The Indian Film Festival of Melbourne (IFFM) is a Victoria State Government-funded annual festival based in Melbourne founded in 2012. It is presented by Film Victoria, and the provider is chosen through a tender process. The current tender provider is Mind Blowing Films, run by Mitu Bhowmick Lange who is the Festival Director of IFFM. The festival has currently been provided with State Government funding until 2018. The goal of the film festival is to showcase Indian cinema to the Australian audience. The festival has streamed Bollywood films, Indie movies, documentaries, regional cinema from India etc. It also organizes short film competitions, dance competitions and a flag hoisting ceremony since it is during the time of Indian Independence day celebrations in Melbourne.

History 
The festival was founded in 2012 by the State Government of Victoria.  It was result of the Liberal Party of Australia (Victorian Division)’s policy "to strengthen Victoria's ties with the Indian film industries". The policy was first released in October 2006, was funded in November 2010, and implemented in March 2012 through a tender process.

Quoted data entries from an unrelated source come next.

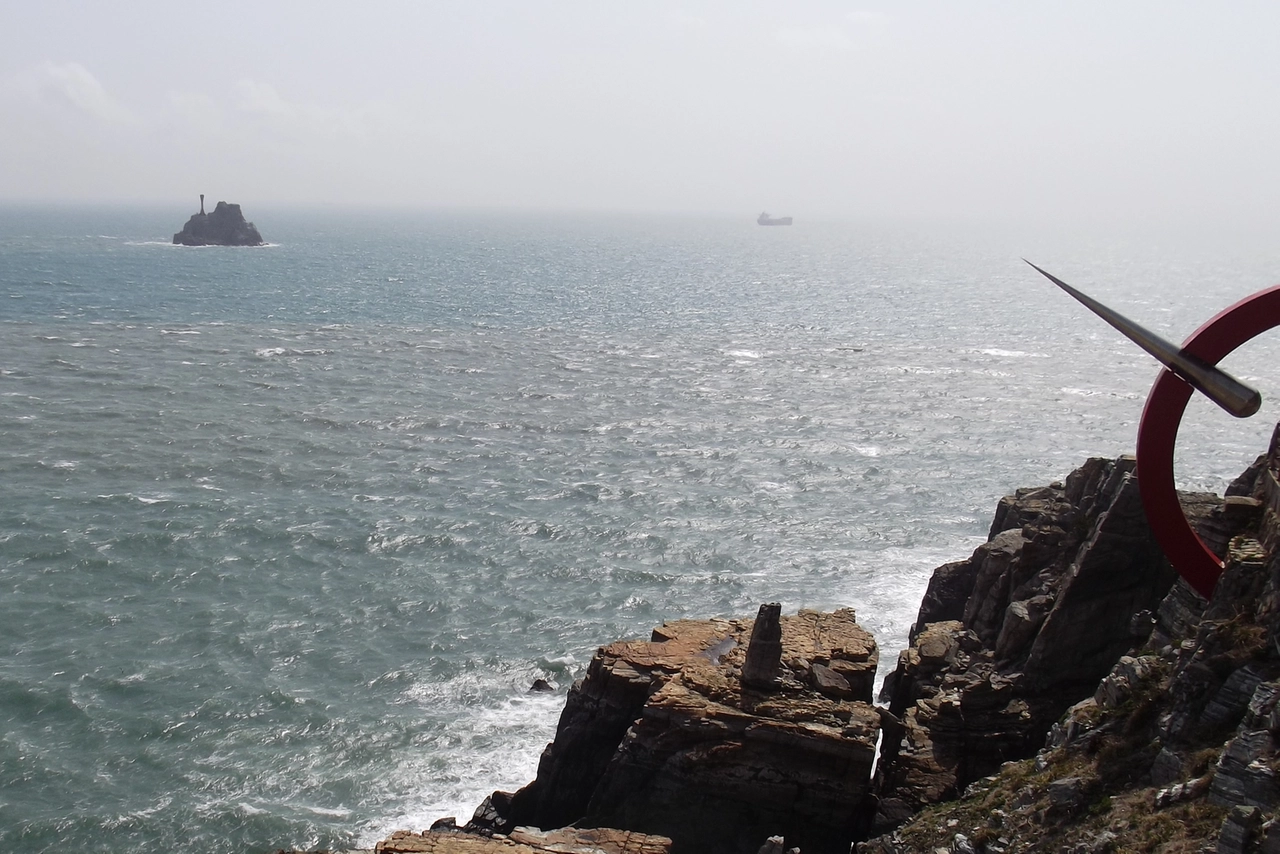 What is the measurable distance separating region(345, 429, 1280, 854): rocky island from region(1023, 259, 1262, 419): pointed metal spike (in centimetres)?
395

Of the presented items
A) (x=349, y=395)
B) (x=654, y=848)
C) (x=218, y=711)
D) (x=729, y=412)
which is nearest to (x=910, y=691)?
(x=654, y=848)

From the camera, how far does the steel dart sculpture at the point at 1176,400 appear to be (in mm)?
30000

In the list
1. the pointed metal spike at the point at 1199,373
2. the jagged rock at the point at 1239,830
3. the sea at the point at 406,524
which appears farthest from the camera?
the sea at the point at 406,524

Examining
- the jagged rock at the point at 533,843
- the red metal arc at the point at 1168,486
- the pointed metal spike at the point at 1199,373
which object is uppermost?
the pointed metal spike at the point at 1199,373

Mind Blowing Films, owned by Mitu Bhowmick Lange, won the tender in March 2012 for three years until 2014, and was given one year extensions by the Liberal National Coalition Government for 2015 and 2016. 
In May 2012, The Sydney Morning Herald reported that the company behind the Festival was recycling films already released, and so appeared to be using government money to rebadge a festival it had already been running as a commercial enterprise.
In August 2017, South Indian film actress/producer Khushbu accused the Indian Film Festival of Melbourne of discriminating against  non-Hindi films and film stars. Mitu Bhowmick Lange responded with "I am very surprised to be honest because we have 60 films in 20 languages. The film festival has always always been about diversity," stating that some of the South Indian actors invited had not been able to attend due to busy schedules.

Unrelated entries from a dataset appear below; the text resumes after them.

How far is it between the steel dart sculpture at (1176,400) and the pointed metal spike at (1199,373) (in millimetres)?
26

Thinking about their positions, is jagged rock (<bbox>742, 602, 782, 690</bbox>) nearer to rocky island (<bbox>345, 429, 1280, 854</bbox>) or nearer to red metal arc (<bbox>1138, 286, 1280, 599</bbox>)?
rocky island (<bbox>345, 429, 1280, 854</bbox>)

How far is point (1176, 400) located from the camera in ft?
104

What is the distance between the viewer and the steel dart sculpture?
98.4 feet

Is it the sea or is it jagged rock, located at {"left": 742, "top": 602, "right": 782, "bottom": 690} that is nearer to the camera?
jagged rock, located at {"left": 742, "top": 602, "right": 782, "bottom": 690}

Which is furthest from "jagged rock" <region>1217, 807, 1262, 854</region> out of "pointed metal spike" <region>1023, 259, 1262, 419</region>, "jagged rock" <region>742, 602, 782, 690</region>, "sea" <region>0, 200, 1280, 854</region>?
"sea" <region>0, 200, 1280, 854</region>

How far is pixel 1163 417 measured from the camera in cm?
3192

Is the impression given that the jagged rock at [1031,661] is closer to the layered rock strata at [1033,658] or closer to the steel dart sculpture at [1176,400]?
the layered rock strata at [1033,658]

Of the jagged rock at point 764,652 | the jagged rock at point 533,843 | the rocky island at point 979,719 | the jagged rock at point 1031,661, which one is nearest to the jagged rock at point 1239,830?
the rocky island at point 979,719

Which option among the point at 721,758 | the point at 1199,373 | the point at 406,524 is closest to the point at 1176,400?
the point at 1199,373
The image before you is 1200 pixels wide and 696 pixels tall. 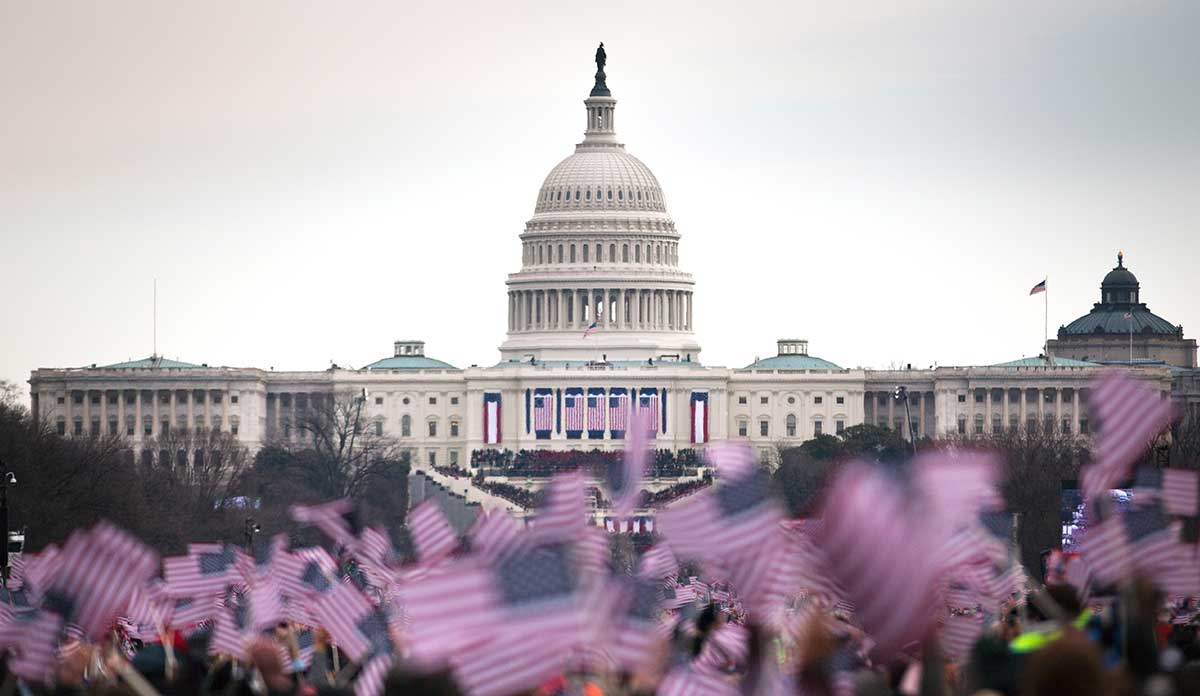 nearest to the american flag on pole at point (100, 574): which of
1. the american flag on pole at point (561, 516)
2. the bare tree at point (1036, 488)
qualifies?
the american flag on pole at point (561, 516)

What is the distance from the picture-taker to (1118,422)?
85.3 ft

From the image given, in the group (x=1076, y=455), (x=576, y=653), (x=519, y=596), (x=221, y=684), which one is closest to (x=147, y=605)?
(x=221, y=684)

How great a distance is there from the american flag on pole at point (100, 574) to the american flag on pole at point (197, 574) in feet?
15.3

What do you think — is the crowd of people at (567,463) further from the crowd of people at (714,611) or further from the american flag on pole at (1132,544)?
the american flag on pole at (1132,544)

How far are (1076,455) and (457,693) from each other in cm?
11532

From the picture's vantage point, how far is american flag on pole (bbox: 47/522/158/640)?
95.1 ft

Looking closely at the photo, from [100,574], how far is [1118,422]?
8.98 meters

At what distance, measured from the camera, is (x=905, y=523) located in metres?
21.8

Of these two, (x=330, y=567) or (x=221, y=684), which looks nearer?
(x=221, y=684)

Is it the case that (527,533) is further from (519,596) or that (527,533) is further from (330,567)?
(330,567)

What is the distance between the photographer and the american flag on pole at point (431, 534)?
33.0m

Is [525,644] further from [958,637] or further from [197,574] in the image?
[197,574]

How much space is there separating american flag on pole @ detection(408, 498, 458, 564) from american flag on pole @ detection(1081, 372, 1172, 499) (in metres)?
8.33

Mind Blowing Films was again awarded the contract for 2017 and 2018 by the new State Government in November 2016.

The film festival also facilitated a film project ‘My Melbourne’ where India's notable film makers worked with Victorian filmmakers to create short films on race, disability, sexuality, and gender.

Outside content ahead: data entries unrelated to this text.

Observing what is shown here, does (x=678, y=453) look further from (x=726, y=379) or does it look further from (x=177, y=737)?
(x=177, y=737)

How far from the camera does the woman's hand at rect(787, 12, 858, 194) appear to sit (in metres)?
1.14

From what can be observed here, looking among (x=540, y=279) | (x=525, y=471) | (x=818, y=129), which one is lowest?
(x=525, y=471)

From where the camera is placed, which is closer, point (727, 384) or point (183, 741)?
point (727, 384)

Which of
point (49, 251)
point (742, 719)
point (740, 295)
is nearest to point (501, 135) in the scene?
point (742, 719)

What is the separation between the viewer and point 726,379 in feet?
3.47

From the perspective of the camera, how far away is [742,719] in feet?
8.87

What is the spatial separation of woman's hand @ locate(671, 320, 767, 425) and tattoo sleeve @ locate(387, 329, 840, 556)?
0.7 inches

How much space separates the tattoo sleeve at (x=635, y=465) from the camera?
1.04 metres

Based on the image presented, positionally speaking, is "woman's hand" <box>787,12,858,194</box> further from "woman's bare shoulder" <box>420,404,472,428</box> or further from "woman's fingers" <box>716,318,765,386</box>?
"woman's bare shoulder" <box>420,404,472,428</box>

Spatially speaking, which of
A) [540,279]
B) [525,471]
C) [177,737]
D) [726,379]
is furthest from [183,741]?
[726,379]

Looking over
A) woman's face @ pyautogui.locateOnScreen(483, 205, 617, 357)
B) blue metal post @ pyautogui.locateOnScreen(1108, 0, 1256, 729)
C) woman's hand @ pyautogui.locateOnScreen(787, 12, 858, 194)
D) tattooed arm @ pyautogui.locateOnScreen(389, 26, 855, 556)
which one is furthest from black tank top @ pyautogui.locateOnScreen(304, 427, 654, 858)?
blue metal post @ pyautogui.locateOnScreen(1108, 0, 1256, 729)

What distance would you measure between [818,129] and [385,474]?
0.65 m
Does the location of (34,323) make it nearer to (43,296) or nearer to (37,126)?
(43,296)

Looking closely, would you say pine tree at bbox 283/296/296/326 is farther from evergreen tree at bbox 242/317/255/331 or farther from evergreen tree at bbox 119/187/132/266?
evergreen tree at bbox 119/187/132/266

Telstra People's Choice Award 
This award is given at the Festival for Outstanding Achievement of an Indian film in terms of box office revenue and critical appreciation for an Indian film released in that year. The award was instituted in 2014.

Recipients

2012 
In 2012, the IFFM  curated and showed 40 films modern Indian cinema, Bengali films and popular Indian films.

2013 
IFFM in 2013 consisted of Bollywood dance competition. The festival went on for 20 days on 5 screens in Melbourne and opened with India's first silent film ‘Raja Harish Chandra’ accompanied by a live band playing the background score along with the colored ‘Mughal-E-Azam’. Some of the more contemporary films included Bombay Talkies, Sholay and Talaash.  Some of the guests included Pamela Chopra, Vidya Balan Prabhudeva, Farah Khan, Simi Garewal, Kabir Khan, Onir; and Avtar Panesar.

2014 
IFFM International Screen Icon Award : Amitabh Bachchan (attended in person)

Best Film : Bhaag Milkha Bhaag

Best Indie Film : The Lunchbox

Telstra's People's Choice Award : Dhoom 3

Best Actress : Kangna Ranaut for Queen

Best Actor : Farhan Akhtar for Bhaag Milkha Bhaag and Irfan Khan for The Lunchbox

Special Jury Commendation : Anand Gandhi for The Ship of Theseus

Wester Union Best Director : Rakeysh Omprakash Mehra

2015 
In 2015, IFFM was a two weeks festival and had a theme of equality. The festival also incorporated interactive master classes, Awards Night, short film competition and Bollywood dance competition. Indian Independence day celebrations were included in IFFM from this year onwards.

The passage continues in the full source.